Algo que
todo politólogo debe asumir en el ejercicio genuino de su oficio es que la
política -en tanto manifestación de acción social, en términos weberianos- se
define sobre la base de la ubicuidad,
que en sí repercute en los demás ámbitos de la vida social (lo económico, lo
cultural, lo jurídico, incluyendo lo psíquico).
Por lo
tanto, las prácticas, las dinámicas y las interacciones sociales ponen de
manifiesto los rasgos, las condiciones y los condicionantes definidos desde las
estructuras de dominación por medio de la estructuración de los discursos de
poder (Foucault), por parte de un entramado institucional que está bajo el
dominio de unas élites (Wright Mills, Cf. Neomaquiavelianismo: Elitismo
sociológico de Pareto, Mosca y Michels).
En este
sentido, cabe destacar que el punto neurálgico sobre el cual giran en torno las
dinámicas sociales es la política, debido a que ésta representa y constituye el
subsistema social, cuya función está orientada a la dirección de los asuntos
colectivos mediante la asignación
autoritativa de valores (en términos de David Easton).
Ello
denota que desde la política, en el ámbito de la esfera pública, se
reconocen y definen los principales problemas sociales, sobre los cuales se
configura una agenda, en virtud de los cuales se formulan e implementan ciertas
y determinadas decisiones (políticas públicas) tendientes a su resolución o
atenuación significativa.
Por otra
parte, la política implica, naturalmente, disensos o conflictos cuya
mitigación es viable si y sólo si mediante mecanismos
institucionales/procedimentales dialógicos: el consenso. De allí se destaca la
relevancia de la política democrática que va más allá de la etérea y estéril
definición que la concibe como "gobierno del pueblo y por el pueblo"

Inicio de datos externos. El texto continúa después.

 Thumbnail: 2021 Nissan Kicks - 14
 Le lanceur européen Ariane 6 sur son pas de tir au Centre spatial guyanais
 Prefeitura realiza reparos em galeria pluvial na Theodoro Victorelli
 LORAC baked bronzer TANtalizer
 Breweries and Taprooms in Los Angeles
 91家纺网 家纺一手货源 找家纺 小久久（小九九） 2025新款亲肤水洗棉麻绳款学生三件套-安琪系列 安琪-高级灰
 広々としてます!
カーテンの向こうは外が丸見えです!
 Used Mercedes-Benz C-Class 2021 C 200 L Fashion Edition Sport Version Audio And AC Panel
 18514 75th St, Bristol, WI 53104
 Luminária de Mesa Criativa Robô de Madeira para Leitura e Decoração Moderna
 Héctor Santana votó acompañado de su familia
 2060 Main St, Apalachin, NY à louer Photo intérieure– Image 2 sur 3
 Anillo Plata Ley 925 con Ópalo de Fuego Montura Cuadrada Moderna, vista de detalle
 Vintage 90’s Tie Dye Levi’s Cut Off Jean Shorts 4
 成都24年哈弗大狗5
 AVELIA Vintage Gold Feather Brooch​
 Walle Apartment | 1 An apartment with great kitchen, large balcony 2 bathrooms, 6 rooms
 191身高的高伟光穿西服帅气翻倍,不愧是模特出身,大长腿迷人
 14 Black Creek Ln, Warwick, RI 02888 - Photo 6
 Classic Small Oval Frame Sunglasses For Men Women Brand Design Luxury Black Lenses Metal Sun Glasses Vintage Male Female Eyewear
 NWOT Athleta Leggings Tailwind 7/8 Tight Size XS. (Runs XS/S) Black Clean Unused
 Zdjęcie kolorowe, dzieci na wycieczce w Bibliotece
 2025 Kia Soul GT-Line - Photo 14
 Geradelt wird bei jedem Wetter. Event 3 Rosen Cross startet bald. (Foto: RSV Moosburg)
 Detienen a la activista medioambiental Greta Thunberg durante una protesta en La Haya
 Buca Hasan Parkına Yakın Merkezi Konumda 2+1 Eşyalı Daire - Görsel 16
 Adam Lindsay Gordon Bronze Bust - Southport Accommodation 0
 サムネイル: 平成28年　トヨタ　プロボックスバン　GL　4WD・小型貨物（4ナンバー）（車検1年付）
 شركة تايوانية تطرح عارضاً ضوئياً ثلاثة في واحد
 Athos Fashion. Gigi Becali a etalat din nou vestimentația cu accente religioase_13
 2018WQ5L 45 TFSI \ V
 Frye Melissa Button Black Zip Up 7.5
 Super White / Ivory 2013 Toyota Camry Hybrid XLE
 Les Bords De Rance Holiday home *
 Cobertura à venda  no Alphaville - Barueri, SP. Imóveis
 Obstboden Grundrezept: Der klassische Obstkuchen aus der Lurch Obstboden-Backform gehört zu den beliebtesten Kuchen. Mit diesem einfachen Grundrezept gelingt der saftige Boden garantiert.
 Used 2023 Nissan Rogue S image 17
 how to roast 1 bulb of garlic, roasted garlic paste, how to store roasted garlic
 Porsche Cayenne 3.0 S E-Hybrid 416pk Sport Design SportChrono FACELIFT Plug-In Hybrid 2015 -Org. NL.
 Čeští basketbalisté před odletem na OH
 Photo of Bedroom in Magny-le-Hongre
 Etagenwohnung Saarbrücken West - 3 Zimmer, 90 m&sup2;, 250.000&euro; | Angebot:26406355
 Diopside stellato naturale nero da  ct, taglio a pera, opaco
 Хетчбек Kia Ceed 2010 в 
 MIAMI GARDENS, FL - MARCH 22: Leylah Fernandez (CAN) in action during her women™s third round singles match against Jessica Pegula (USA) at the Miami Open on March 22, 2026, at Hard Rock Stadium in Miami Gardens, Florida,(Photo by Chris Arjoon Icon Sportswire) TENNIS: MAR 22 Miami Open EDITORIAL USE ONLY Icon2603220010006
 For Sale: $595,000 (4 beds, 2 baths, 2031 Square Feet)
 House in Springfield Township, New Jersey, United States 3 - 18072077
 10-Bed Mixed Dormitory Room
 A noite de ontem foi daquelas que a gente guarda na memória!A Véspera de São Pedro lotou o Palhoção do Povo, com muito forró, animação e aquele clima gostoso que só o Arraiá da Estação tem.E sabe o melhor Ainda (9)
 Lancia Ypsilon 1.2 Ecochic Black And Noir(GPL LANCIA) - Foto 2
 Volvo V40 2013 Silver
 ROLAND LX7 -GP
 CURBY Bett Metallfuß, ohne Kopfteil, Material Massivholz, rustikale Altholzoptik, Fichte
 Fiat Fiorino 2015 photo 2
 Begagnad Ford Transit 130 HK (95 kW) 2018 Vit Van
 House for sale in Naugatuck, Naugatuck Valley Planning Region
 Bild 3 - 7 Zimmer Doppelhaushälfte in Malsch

o como un reducto procedimental meramente electoral, en el que hay un uso
equívoco de las categorías sociopolíticas en cuanto a su rigurosidad y
sistematicidad. ¡El politólogo ha de ser sumamente cauteloso con la
terminología empleada en sus elucidaciones! Su logos se funda en una episteme y no en la doxa.
He allí
la relevancia de la “imaginación sociológica” (Wright Mills) o el “pensar
sociológicamente” (Zygmunt Bauman), cuya ratio se define en función del refinamiento de los conocimientos
proporcionados por el sentido común –en tanto fuente no científica del conocimiento,
de acuerdo con Anthony Giddens- o del depurar y evitar lo especulativo que está
intrínsecamente vinculado con la “sociología espontánea” (Bourdieu).
De modo
breve y sumario, es menester concebir a la política metafóricamente como el dios
Jano –tal como lo aprendí en mis lecciones iniciales de “Introducción a
la Ciencia Política”-, ya que ésta se expresa de modo bifurcado: en primer
lugar proyecta lo consensual y lo dialógico; y, en segundo lugar, lo
conflictual y lo disensual. Reconociendo así, fundamentalmente, que la
erradicación plena de lo conflictual generaría consigo la desaparición de la
política y lo político en tanto praxis humana. Y yo trascendería esa aseveración:
la erradicación de lo conflictual a cabalidad implicaría la erradicación de lo
humano, ¿o acaso una de las facetas de lo humano no es lo conflictual? Lo
conflictual sólo puede atenuarse a través de la instauración de determinadas
normas sociales institucionalizadas moral y jurídico-políticamente.
Así pues, dejemos de eludir lo ineludible en el marco de las relaciones sociales: la política.
Así usted
no lo quiera, la política y lo político se pondrán de relieve en su
cotidianidad…
En definitiva: politólogo que se esfuerce en poner patente una postura tendiente a la
despolitización, y que inclusive avale los enunciados discursivos inherentes a
la antipolítica, no ha de ser considerado como politólogo. ¡Eso es otra cosa menos un politólogo!